Google’s YouTube is the world’s most popular music platform, yet it deliberately chooses to return a pittance to those whose creativity it has built its multi-billion pound business model on. Google remain the vultures that feed off music creators. The fact remains that this must end.

We sincerely thank the 278 MEPs who backed reform and look forward to engaging positively with all MEPs on the opportunities to develop the Directive further. We may have lost this particular round, but the fight to ensure fairness for music creators goes on.” 

CISAC President Jean Michel Jarre said:
“Today is a great disappointment for millions of creators who have campaigned for years for the right to fair treatment and fair payment from giant internet platforms. It is incredibly disappointing that, having been ferociously lobbied by opponents using false arguments, the European Parliament has stopped short of supporting the fair rights of creators. Our fight will go on, for the future of our culture and for a fair, modern well-regulated Internet.”

CISAC Director General Gadi Oron said:
“Today’s vote is a missed opportunity to fix one of the biggest problems in today’s digital market. It leaves an unfair situation in which the value of creative works, instead of benefitting their creators, is being used to enrich global technology platforms. CISAC will continue to campaign worldwide for a fair digital market for our members.”

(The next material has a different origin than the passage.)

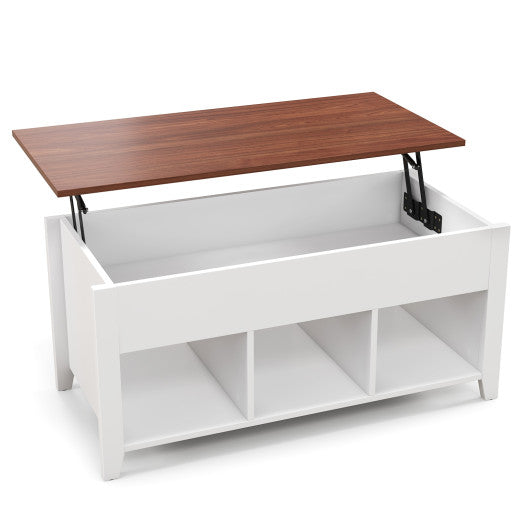 Coffee Table with Hidden Storage Compartment-White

Horace Trubridge, MU General Secretary, said:
“Yet again the tech industry has used its considerable political influence to deny creators and rights owners a fair share of the enormous riches that they derive from their businesses. These multi-billion pound companies would have nothing to offer their customers and users were it not for the efforts of musicians, songwriters and producers, yet they are allowed to continue to deny the creative community their rightful share. The fight goes on and we will redouble our efforts to convince the legislators they must act to bring an end to this appalling injustice.”